When it comes to cars, for example, the credit union will finance the car loan, but employees pore over the details of each purchase and let their clients know if they think anything is awry.
“My priority is that the members get a good deal and no one takes advantage of them,” said Concha Pérez, who has picked up on several anomalies that would have adversely affected her clients.
As a result of its hands-on approach, the credit union has built a loyal clientele that has done better than most in weathering the current financial crisis. LCCU members, for example, have a very low default rate on their mortgage payments. At the end of last year less than 1 percent had fallen at least two months behind on their payments and were therefore in the pipeline for the foreclosure process. The national rate was 6.98 percent.
The LCCU, however, is an anomaly. What’s available to most low-income and even middle-income Hispanics is a fragmented array of services provided by banks, nonprofits, and other formal and informal entities ranging from the “amigo” at the corner store to Western Union.
Many banks and nonprofits have developed programs and services aimed specifically at a growing Latino community, one that by mid-century is expected to constitute 29 percent of the total population. But these programs and services, according to Latino advocates, often fall short of the kind of financial planning assistance needed by a large portion of the Hispanic community.
But what most people think of as financial planning “presupposes you are banked and you are utilizing capital markets,” said Aracely Panameño, director of Latino Affairs for the Center for Responsible Lending.
“All of these terms mean nothing to a community that primarily focuses on meeting daily obligations and daily financial obligations in this day and economy.”
That means, she said, that the path to financial planning must start with the fundamentals of financial literacy and financial education, and a clear understanding of what it means to dispense personal finance advice to low-income Latino families.
“Really what we think low-income families need is access to the same kind of tailored advice that affluent families get from a financial planner,” said Janis Bowdler, director of the Wealth-Building Policy Project at the National Council of La Raza.
But banks, she said, “are still very much in this mode of financial literacy through pamphlets and classes.

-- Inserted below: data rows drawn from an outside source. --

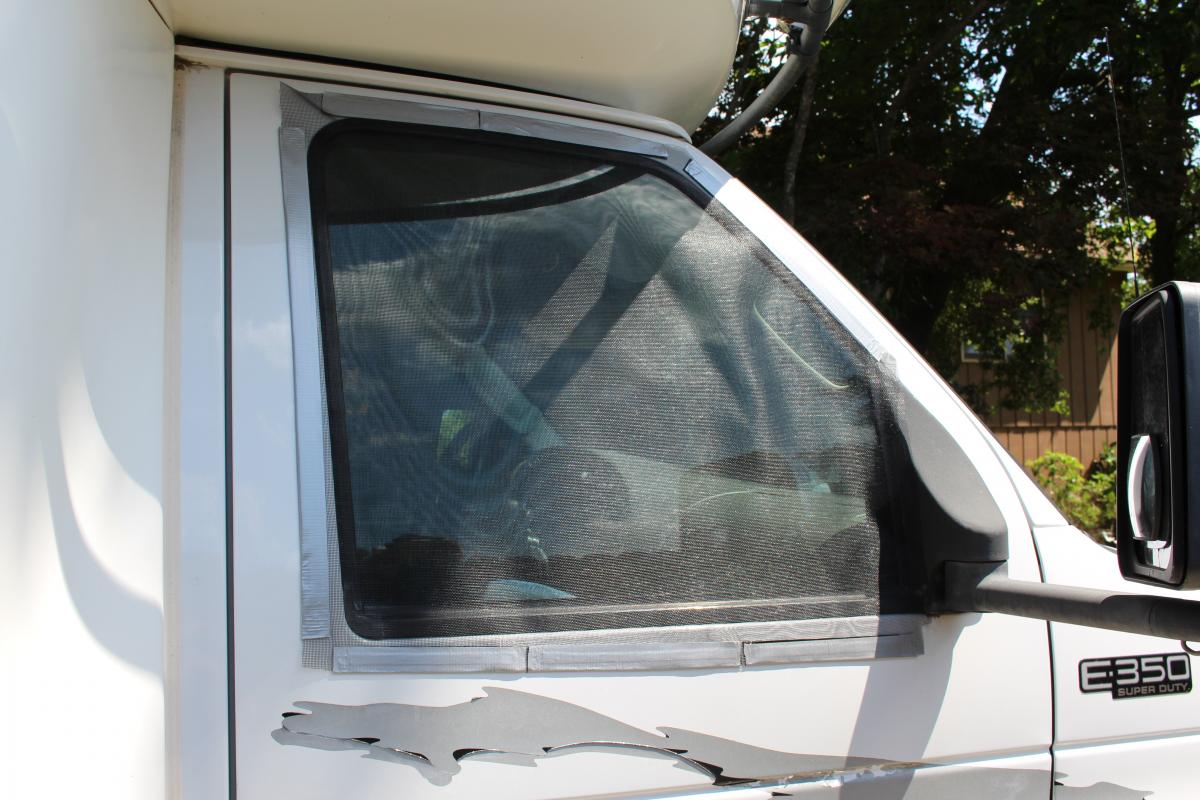 Wanted to be able to open cab window with out the bugs getting in. Screen and magnetic tape.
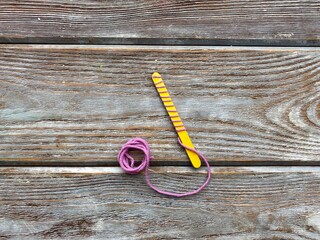 On a yellow wooden stick wrapped yarn, children's craft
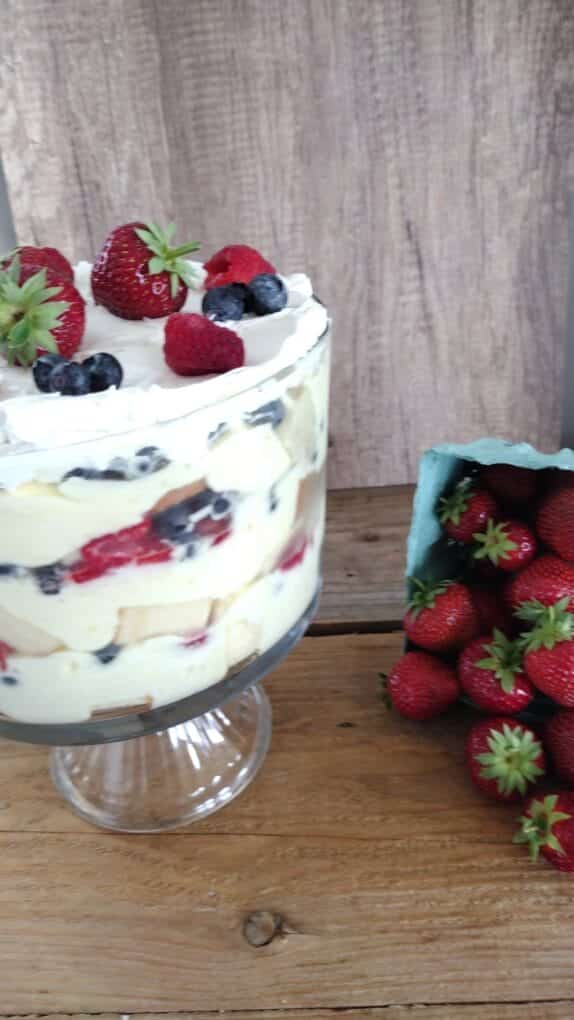 3 berry trifle with fresh strawberries falling out of basket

They love to send their representatives to teach classes, [but] they’re really an orientation to the bank.”
They’re more focused on drawing people into the bank, she said, than changing consumer behavior.
Nonprofits, she noted, also are making an effort. More of them are going toward a financial planning model, but they are often limited to providing classes, which will not have a lasting impact.

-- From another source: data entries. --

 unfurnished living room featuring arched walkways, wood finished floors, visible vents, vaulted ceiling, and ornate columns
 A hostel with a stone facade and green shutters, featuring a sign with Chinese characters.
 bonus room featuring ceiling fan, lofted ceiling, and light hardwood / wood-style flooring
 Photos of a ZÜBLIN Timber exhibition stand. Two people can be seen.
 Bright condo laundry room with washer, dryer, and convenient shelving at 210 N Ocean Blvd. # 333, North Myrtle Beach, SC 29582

“If you are lucky, you might give them information for the decision they have before them,” she said. The nonprofits, she said, “will tell you they don’t have the resources to offer one-on-one services and wish they did.”
Challenges remain
The end result is that a large segment of the Hispanic community remains on the margins, and the problem with that, said Rebeca Cabrera, is that far too many never tap into the possibilities of owning their own home, saving up for a child’s education, or planning ahead for their retirement. For them, she said, “it’s much harder to get ahead.”
Cabrera, a native of Costa Rica, is one of the people attending the workshop. She came to the United States in 2006 to study and more recently to be with her husband, an American who works for an IT consulting firm in Research Triangle Park.
Her husband, she said, is familiar with financial practices in the United States, and she’s attending the workshops so she can understand them as well.
But she worries about those like one gentleman who showed up for the workshops but left after he learned a reporter would be in attendance.
“I feel sorry for him and other people like him,” she said, “who, for one reason or another, are scared away.”